▸ Action item
Which lines belong in your copy? Those from the start of the data through the line with "DP Brakes DP622", exactly as written, without any pictures.

(Crawled caption data)
^^^^^^^^
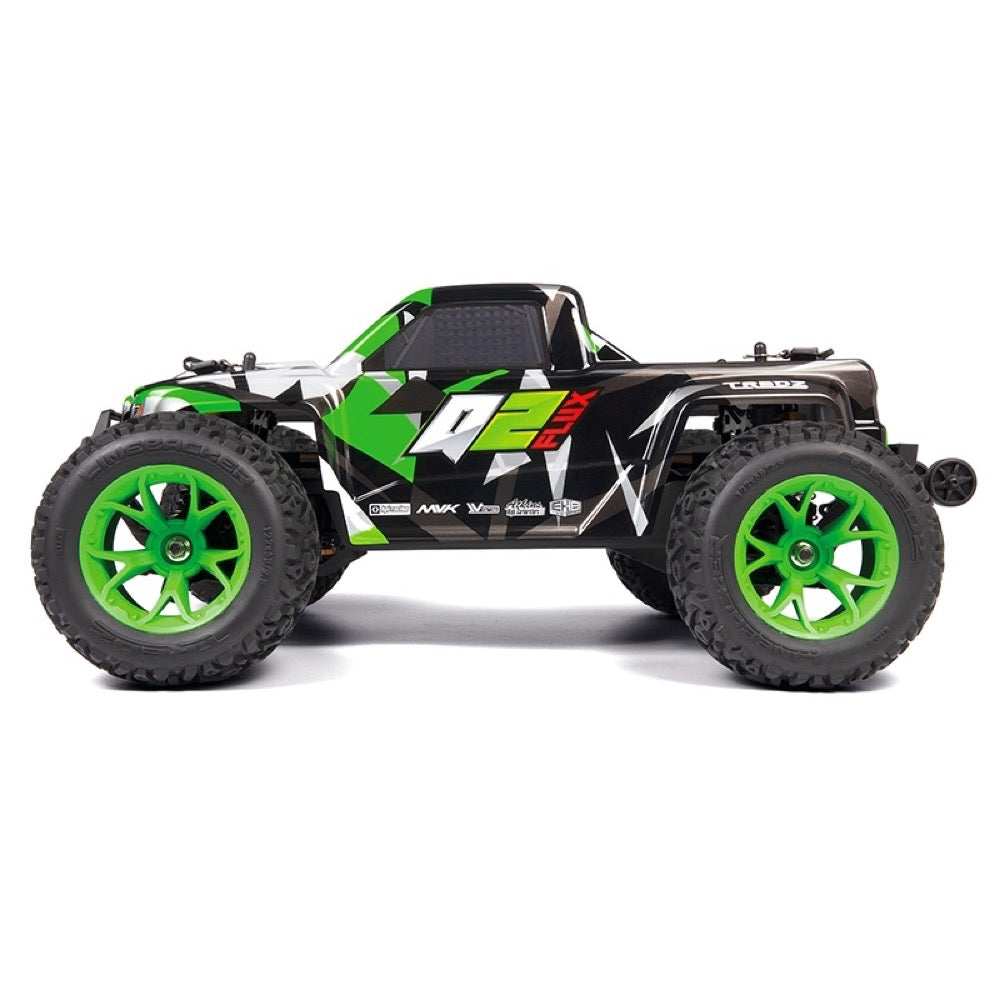 Maverick Quantum2 MT Flux 1/10 4WD Brushless Electric RC Monster Truck Green 150406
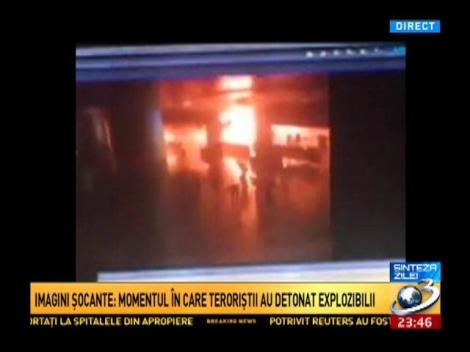 Sinteza zilei: Primele imagini cu una dintre exploziile de pe aeroportul Ataturk din Istanbul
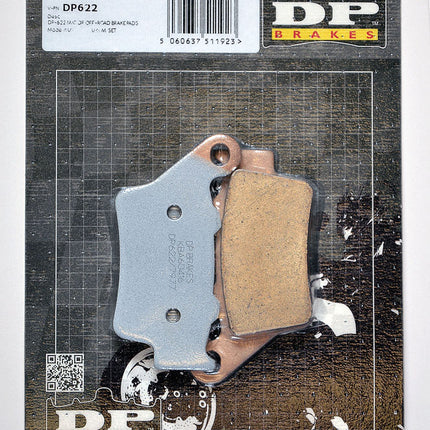 DP Brakes DP622 brake pads – DP Standard Sintered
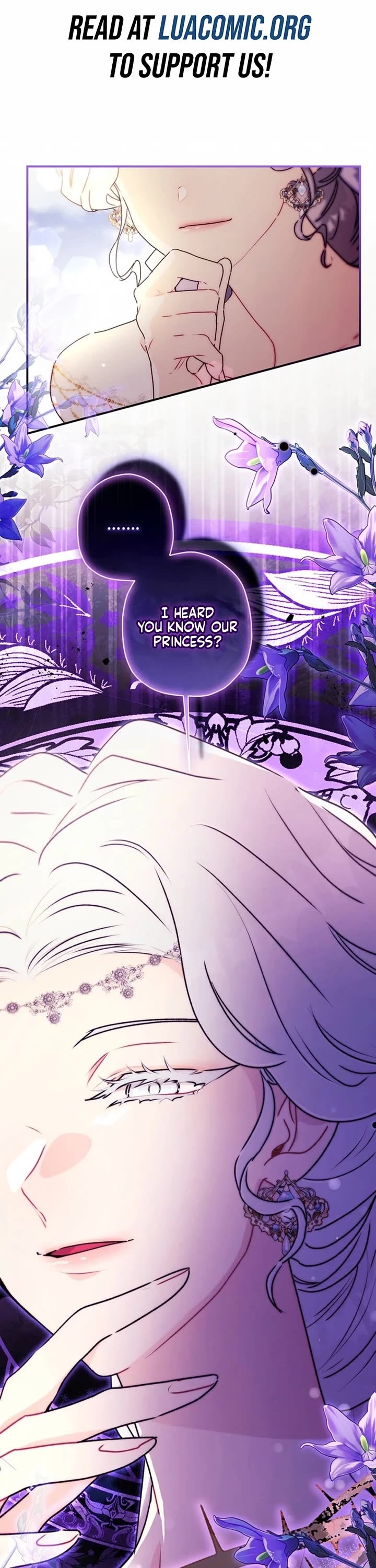 I became the Male Lead’s Adopted Daughter chapter 167 page 1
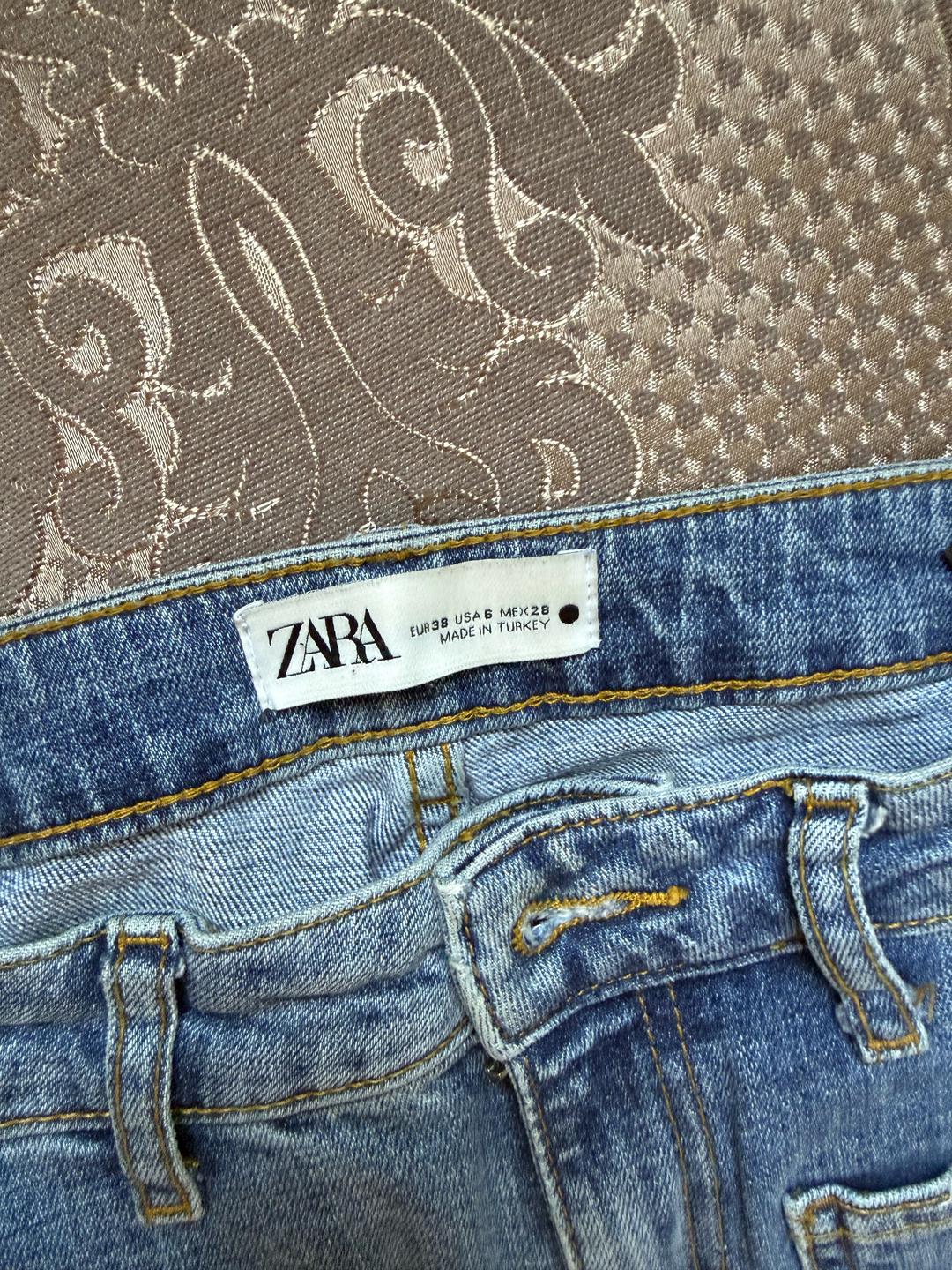 Zara Джинсы ZARA — фото 2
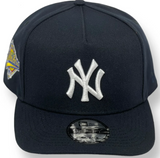 New Era MLB New York Yankees 9FIFTY A-Frame 1996 World Series Hat - Black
^^^^^^^^
▸ Result of this exercise
 Maverick Quantum2 MT Flux 1/10 4WD Brushless Electric RC Monster Truck Green 150406
 Sinteza zilei: Primele imagini cu una dintre exploziile de pe aeroportul Ataturk din Istanbul
 DP Brakes DP622 brake pads – DP Standard Sintered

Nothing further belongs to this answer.